Мы часто, на протяжении нескольких лет, встречались с ним и его учениками во время общей работы над «Джангариадой». Учеников своих он всегда хвалил, появились у него и ученики-калмыки, среди которых он выделял безвозвратно ушедшего Ивана Нусхаева, а о своем сыне Никите говорил с какой-то лукавой гордостью:
— Есть такие, что считают: сын, мол, отца превзошел!
Нет сына, он пал на фронте, нет и пережившего его отца… Я приходил к ним на квартиру на улице Кирова, подъезд был в глубине двора. На высоком этаже, с окном во двор, была их — отца и сына мастерская. Они сидели друг против друга, Владимир Андреевич и Никита, и работали на досках продольного распила. Сидели они босиком, в рубашках навыпуск. Рядом с возникающими гравюрами на доске побольше был рассыпан колотый сахар и стоял большой фарфоровый «трактирный» чайник. У Никиты была маленькая шелковистая светло-каштановая бородка, борода отца — серебро с чернью. Что-то простое и вместе с тем величаво-значительное было в этой сцене, почему-то вспомнились где-то прочитанные в юности строки:
От братии прилежной
Апостола Луки
Икону тайны нежной
Писать — мне испытанье.
Перенесу ль мечтанье
На кипарис доски?
Разумеется, у Владимира Андреевича была своя система взглядов на искусство книжной иллюстрации. Насколько я вспоминаю и понимаю, суть этих взглядов сводилась к тому, что книжные иллюстрации не должны быть картинами, живущими отдельной от книги жизнью («как стены в Сандуновских банях» — запомнилось мне едкое сравнение). Иллюстрации должны быть связаны и с типом шрифта, и с видом набора, и с буквицами, и с орнаментом, и с титулами, и с размером полей. Иллюстрации к «Джангариаде» кажутся мне гениальными. Русский художник выразил душу маленького степного народа, знавшего не только перекочевки вместе с четырьмя видами скота, но и ставки властителей полумира, и пагоды храмов. Художник, иллюстрируя народный эпос, изобразил и народ, и его идеалы, его сердечный жар, его представления о красоте. Великий художник скромно совершил подвиг дружбы и братства.

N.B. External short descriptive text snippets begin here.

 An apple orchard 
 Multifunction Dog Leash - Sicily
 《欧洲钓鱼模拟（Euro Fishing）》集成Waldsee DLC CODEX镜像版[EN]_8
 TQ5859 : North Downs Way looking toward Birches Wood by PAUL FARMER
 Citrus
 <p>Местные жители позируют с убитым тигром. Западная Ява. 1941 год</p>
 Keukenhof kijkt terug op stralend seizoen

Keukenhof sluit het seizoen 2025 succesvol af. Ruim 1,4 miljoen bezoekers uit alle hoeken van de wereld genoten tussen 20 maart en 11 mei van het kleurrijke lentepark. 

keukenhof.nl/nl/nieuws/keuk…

Давид Кугультинов рассказывает: он, 14-летний мальчик, принес нам свою рукопись. Мы, как заправские командировочные, жили втроем в маленькой и единственной элистинской гостинице чуть ли не в одном номере. Баатр Басангов угадал в подростке будущего писателя. После хвалебных слов последовали и критические. Тогда, заметив на лице юного Давы огорчение, В. А. Фаворский сказал ему:
— Учился я в ваши годы, или чуть-чуть постарше был, у скульптора. Дал он нам лепить полотенце, но сначала погрузил край полотенца в воду. Он требовал, чтобы у нас и в глине было видно, что край полотенца мокрый. Искусство — это тяжелый труд. Бывает мастерство без искусства, но не бывает искусства без мастерства.

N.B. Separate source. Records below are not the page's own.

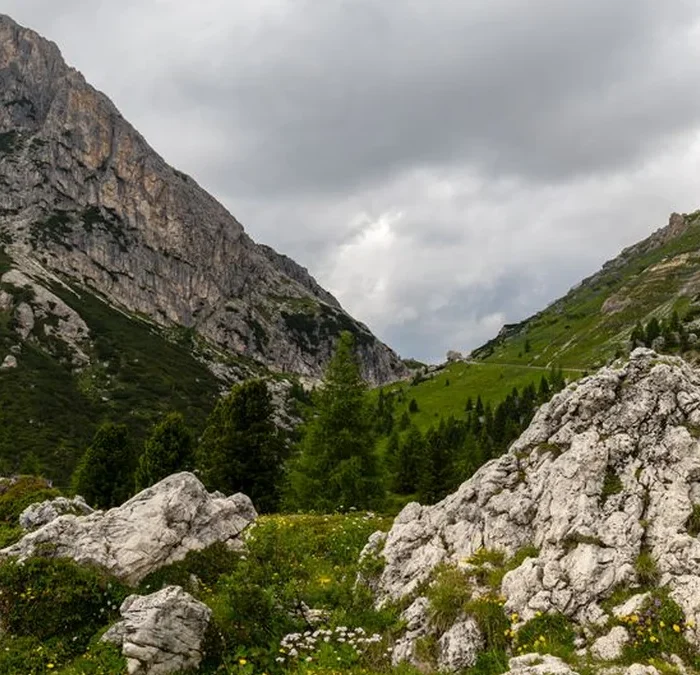 Italian terroir shifts from Prosecco to the Dolomites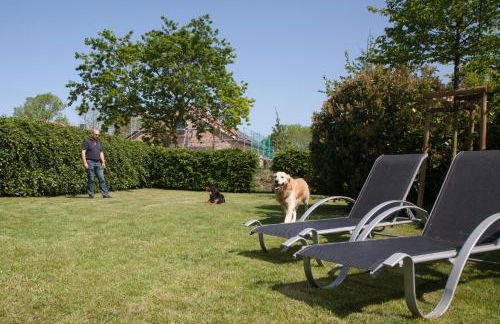 Austernfischer - Foto 7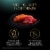 Sheba Perfect Portions Cuts in Gravy Salmon & Sustainable Tuna Adult Wet Cat Food Variety Pack Perspective: right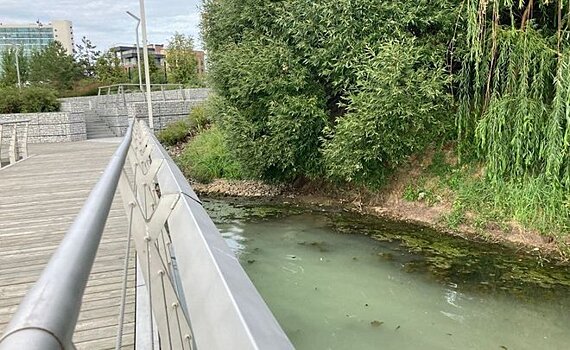 В Казани на озере Нижний Кабан вода поменяла цвет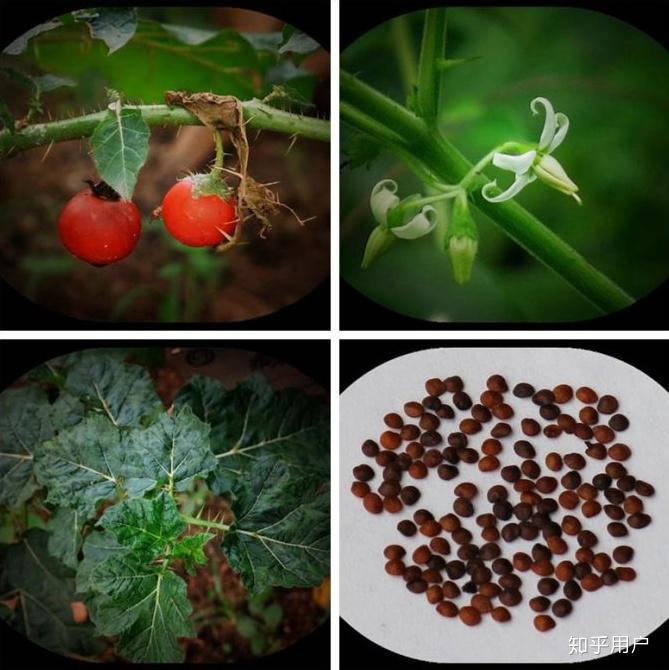 请教一味中药我们这儿叫天星米但是网上都查不到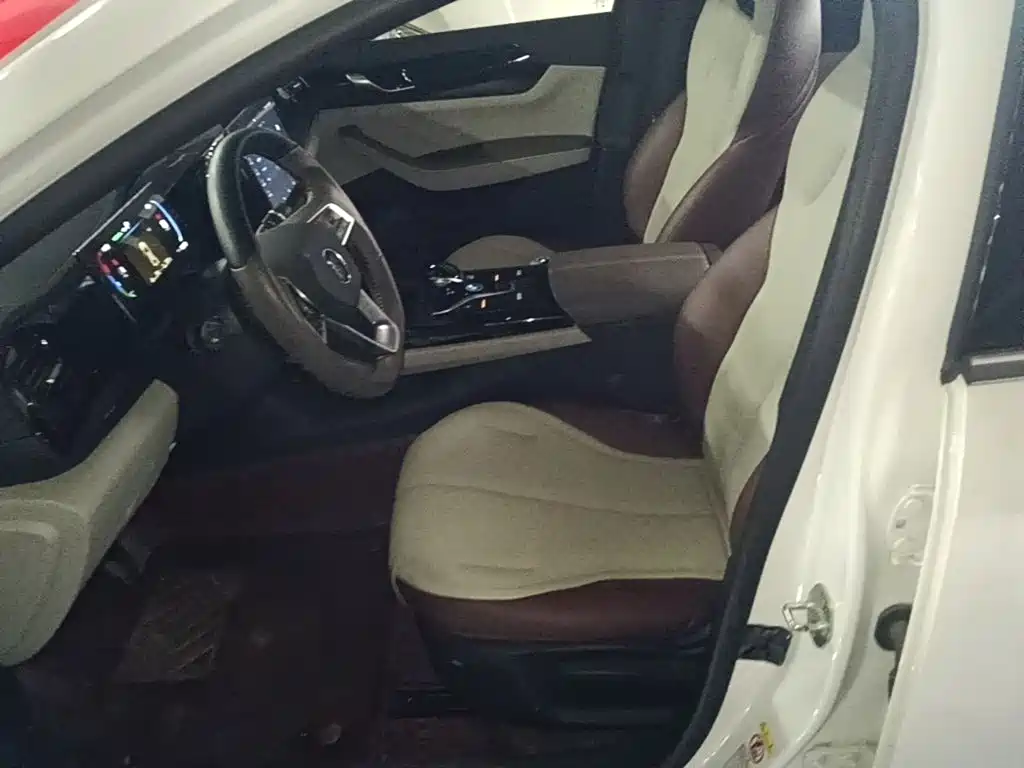 BYD Qin PLUS — фото 15
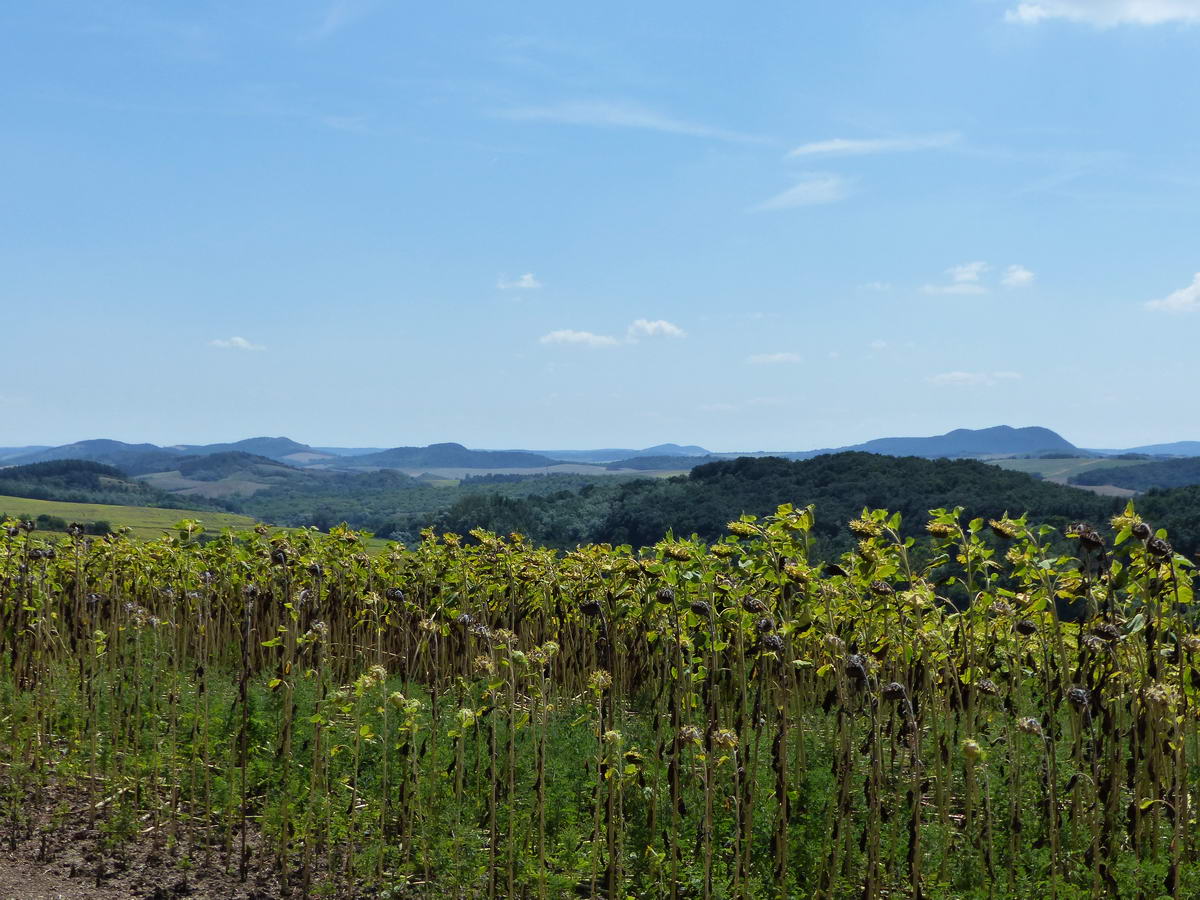 És újra a Gerecse dombvilágának panorámája a napraforgótáblától nézve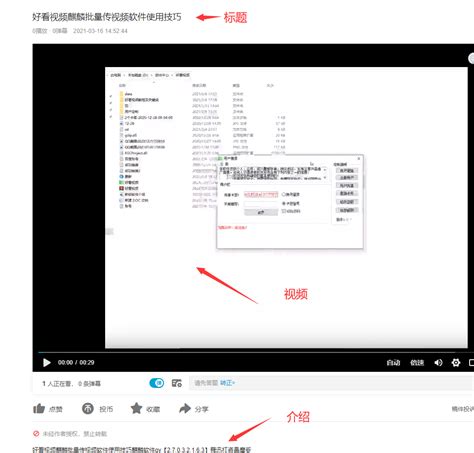 麒麟seo术语教学视频免费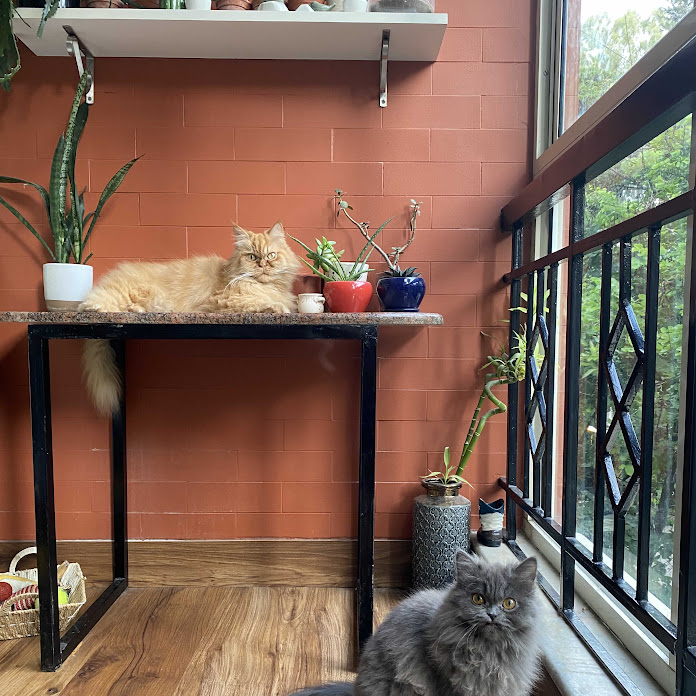 Danish Sait Net Worth & Earnings (2026)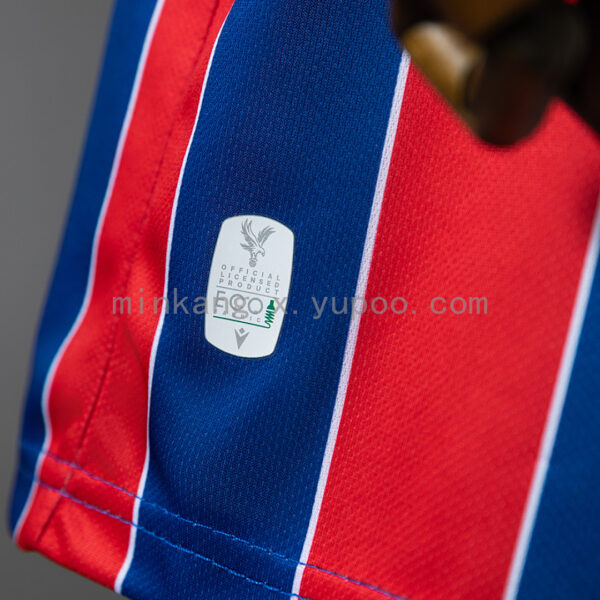 Camiseta Crystal Palace 2023/24 Local - detalle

Мне кажется, что Владимир Андреевич полюбил и «Джангар», и калмыков прочной любовью. Может быть, здесь сказались особые обстоятельства, а именно: в Прикаспийской низменности он встретил у степного народа ту любовь и ласку, в которых так нуждалось его сердце.
Мы были у него в дни его ярко и широко разгоревшейся славы в мастерской в Новогирееве. Бем Джимбинов обратился к нему с просьбой проиллюстрировать антологию калмыцкой поэзии, издание которой тогда предполагалось. В. А. Фаворский жарко и молодо согласился, сказал, что надо к этому делу привлечь В. Федявскую и других его учеников. А потом весело и просто напросился к Джимбинову на калмыцкий чай.

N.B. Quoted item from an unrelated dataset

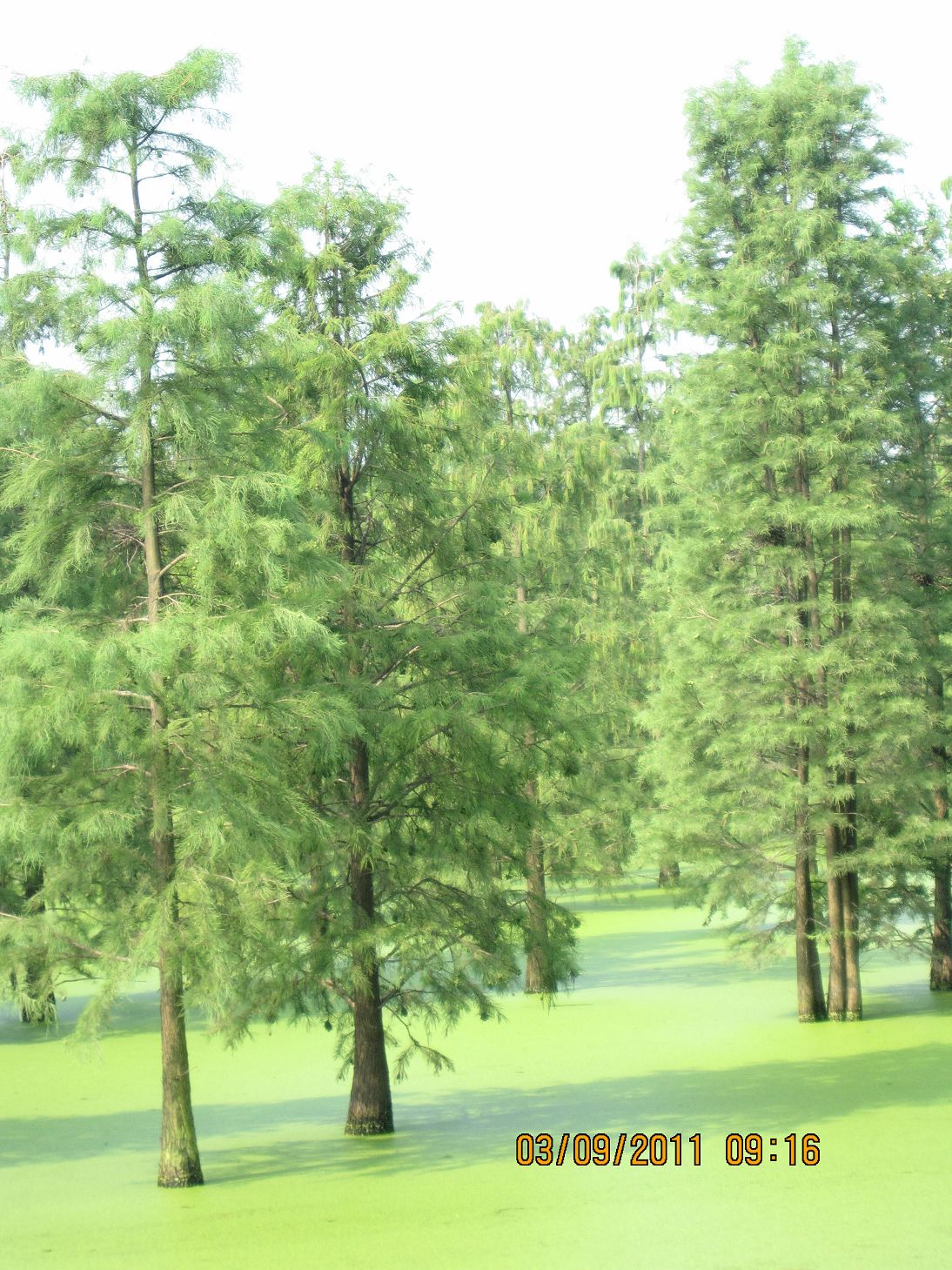 杉树(杉树有哪些品种)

Но настало 31 декабря 1964 г., и в канун Нового года я пришел в зал Академии художеств, чтобы поклониться ему и его великому искусству, чтобы проститься с ним в последний раз. Он лежал на столе как живой. Так он лежал когда-то на калмыцкой земле, и степные цветы наклонялись к нему, разговаривая с ним.
«От братии прилежной» — цитата из стихотворения Вяч. Иванова «Примитив» (1912), в обход цензуры С. Липкин цитирует, не указывая автора. Басангов Баатр (псевдоним Гашута Баатр) (1911–1944), калмыцкий писатель, составитель обширного «Русско-калмыцкого словаря» (1940), редактор перевода «Джангара».
Джимбинов Бем Окунович (1914–1986) — калмыкский поэт, народный поэт Калмыцкой АССР (1985).
Публикуется по изд.: Литературная Россия. 1966. 18 марта. № 12 (168).